◆ Task to complete ◆
Where a line in the material beneath contains "again", count it. Give the number only.

◆ Entries shown ◆
-.-.-

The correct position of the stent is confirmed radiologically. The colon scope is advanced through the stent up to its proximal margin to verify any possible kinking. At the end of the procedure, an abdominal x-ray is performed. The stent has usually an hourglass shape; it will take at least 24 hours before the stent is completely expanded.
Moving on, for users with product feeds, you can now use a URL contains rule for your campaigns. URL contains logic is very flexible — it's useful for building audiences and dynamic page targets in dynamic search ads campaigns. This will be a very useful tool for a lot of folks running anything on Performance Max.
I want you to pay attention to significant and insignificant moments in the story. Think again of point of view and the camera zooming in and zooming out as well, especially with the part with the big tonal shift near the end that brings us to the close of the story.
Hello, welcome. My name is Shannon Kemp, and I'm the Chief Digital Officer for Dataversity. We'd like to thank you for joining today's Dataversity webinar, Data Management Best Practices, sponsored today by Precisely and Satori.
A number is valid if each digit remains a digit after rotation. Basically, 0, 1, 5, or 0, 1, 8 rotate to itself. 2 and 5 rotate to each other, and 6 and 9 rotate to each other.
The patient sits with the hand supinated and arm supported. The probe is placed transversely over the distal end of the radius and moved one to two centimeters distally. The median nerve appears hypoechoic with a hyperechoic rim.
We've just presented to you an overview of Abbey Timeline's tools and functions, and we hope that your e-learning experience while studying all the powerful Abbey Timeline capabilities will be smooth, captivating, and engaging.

-.-.-

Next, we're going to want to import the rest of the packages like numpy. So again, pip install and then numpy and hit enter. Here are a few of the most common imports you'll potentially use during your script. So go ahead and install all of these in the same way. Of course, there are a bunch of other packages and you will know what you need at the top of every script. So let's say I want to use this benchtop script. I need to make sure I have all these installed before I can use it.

-.-.-

◆ Expected answer ◆
2